MetaServer > Help > Extract > Mark Detection

120-120 MetaServer Extract – Mark Detection

MetaServer’s Mark Detection rule makes it possible to detect the presence of check marks or signatures.

Examples:
– Legal documents, contracts, agreement forms, etc. need to contain one or multiple signatures, otherwise they are not valid
– Forms, surveys, questionnaires, etc. very often contain checkboxes to indicate a choice or opinion.

 To explain how mark detection works, we will use parking violation tickets as our example case.

A parking violation ticket contains information about the vehicle, the different types of parking violations and a signature of the police officer. Using the Mark Detection rule, you can extract the types of parking violations, vehicle information and check if the ticket is signed or not.

Because any shift in the form can affect the result of mark detection, registering the form correctly and consistently is critical to obtain accurate results. To do this, we register each form using anchor words. Anchor words are words that are always in the same position relative to the checkboxes or signature boxes.

To make use of anchor words, you typically define an Extract Text or Barcode rule first to hold the text containing the anchor word(s). We will call the field we use to store this text in “ANCHOR TEXT”. In most cases, this is the full text of the document.
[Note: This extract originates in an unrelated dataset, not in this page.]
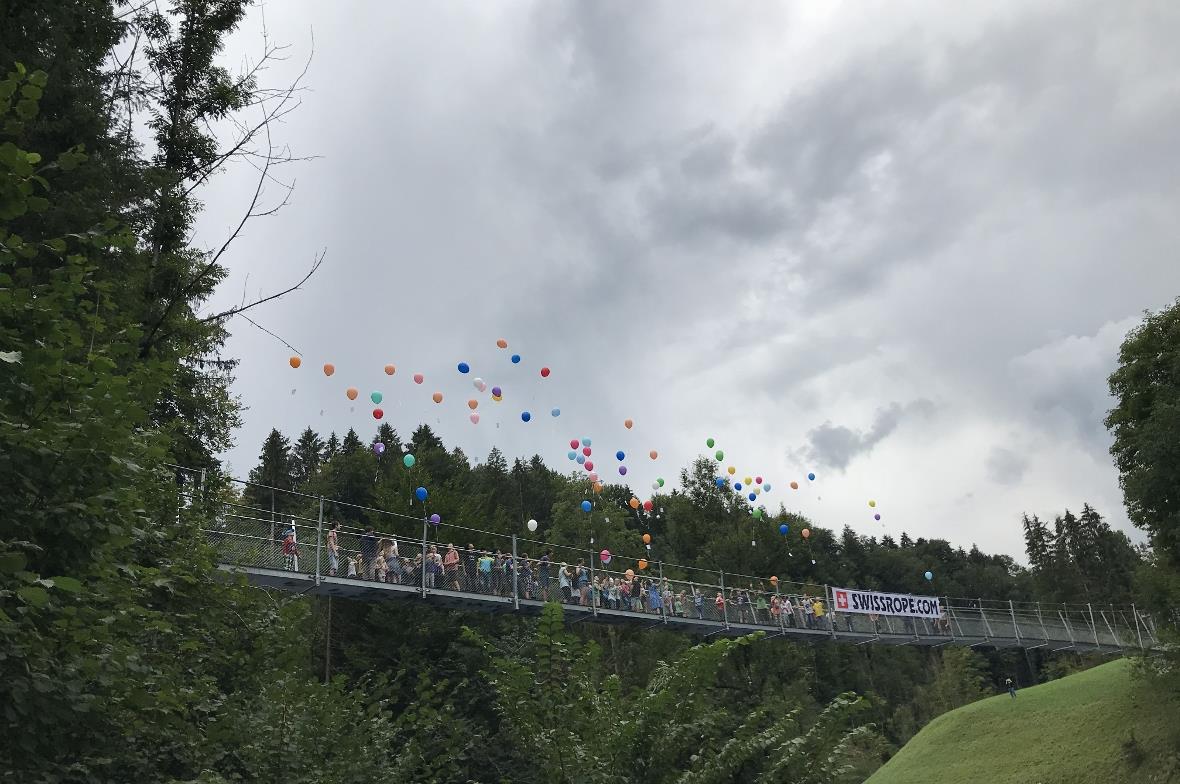 Sichererer Schulweg dank neuer Hängebrücke in Oberwil Die bunten Ballone der Schüler steigen in den Himmel.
We will cover the concept of anchors in more detail later.

01 Mark Detection – Add Rule

In our example, we will make use of the “CB – PARKING VIOLATIONS” workflow. This workflow is automatically installed with CaptureBites MetaServer.

Mark Detection rules are defined in a MetaServer Extract or Separate Document action.

To add this rule, press the Add button and select Extract -> Mark Detection.

02 Mark Detection – Setup

We want to extract the marked parking violations on the image samples below. As you can see, these can range from 1 to multiple violations.

Also, notice that the images can shift with each ticket depending on the presence of the perforation strip on top of the ticket. With the perforation strip removed, the image shifts more than 1 cm or about ½ inch, we will handle this using the Register Page(s) option.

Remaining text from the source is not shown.